Shared memory and processes is a different beast than just threads in same process. Memory was mmap-ed between the two OS procs. Didn't use locks in that part of code for a list of reasons..., and memory write order didn't matter as much (so didn't see an immediate need for memory fences, but someone below suggested those might work to fix compiler optimizing out accesses when nor in debug mode).
Not sure what hinted at frequent use of volatile, it was the only use in 10 years. That is what made it memorable.
Did some more research. Compilers have their own intrinsics that only affect the code generated (in addition to the processor ones). VS has _ReadBarrier, _WriteBarrier and _ReadWriteBarrier while GCC has asm volatile("" ::: "memory"); to prevent reordering optimizations.

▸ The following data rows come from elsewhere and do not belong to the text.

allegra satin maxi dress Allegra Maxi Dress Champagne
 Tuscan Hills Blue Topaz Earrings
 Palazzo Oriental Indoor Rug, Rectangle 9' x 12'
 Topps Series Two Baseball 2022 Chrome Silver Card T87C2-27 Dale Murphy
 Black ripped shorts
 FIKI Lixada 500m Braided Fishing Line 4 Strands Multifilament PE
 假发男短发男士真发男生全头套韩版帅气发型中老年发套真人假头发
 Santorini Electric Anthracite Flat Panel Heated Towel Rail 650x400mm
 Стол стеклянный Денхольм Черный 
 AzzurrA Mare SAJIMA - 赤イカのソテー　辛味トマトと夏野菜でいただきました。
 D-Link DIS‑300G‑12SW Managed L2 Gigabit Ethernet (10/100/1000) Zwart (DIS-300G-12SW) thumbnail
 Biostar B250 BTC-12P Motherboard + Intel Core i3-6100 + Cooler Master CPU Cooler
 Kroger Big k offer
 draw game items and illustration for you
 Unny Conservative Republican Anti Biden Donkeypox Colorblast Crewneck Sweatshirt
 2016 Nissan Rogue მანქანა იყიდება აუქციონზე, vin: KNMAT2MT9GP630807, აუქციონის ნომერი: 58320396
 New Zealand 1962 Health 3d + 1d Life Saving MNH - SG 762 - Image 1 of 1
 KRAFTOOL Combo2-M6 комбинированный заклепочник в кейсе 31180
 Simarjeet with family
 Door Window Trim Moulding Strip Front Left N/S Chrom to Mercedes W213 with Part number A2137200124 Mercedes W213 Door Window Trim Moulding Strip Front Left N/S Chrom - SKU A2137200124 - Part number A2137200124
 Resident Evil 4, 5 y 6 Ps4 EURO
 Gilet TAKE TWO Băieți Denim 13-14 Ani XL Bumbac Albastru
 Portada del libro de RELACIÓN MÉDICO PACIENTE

There really isn't any difference between multithread with common processes memory and multiprocess with mmaped shared memory. Both have mutliple threads accessing the same physical memory but in one case the OS made the memory common and the other you made the memory common.
BTW, when I say multithreaded I'm talking real threads and not light/green/cooperative/fake/whatever threads.
Thanks for doing more research. Did you get the idea there are two separate issues at hand -- 1) compiler optimizes memory access away because to its logic it seems the value is not written anywhere in that process. Say it could use a register instead if memory read. This is the effect I was seeing. 2) Compiler inserts the memory read instruction, but depending on the processor, at runtime, some of the writes will not show up at all, or be reorded. In this case running program on different CPU might make it appear to work correctly. I think there is a slight difference between the two from reading about back then. Can the first issue be fixed with a memory barrier?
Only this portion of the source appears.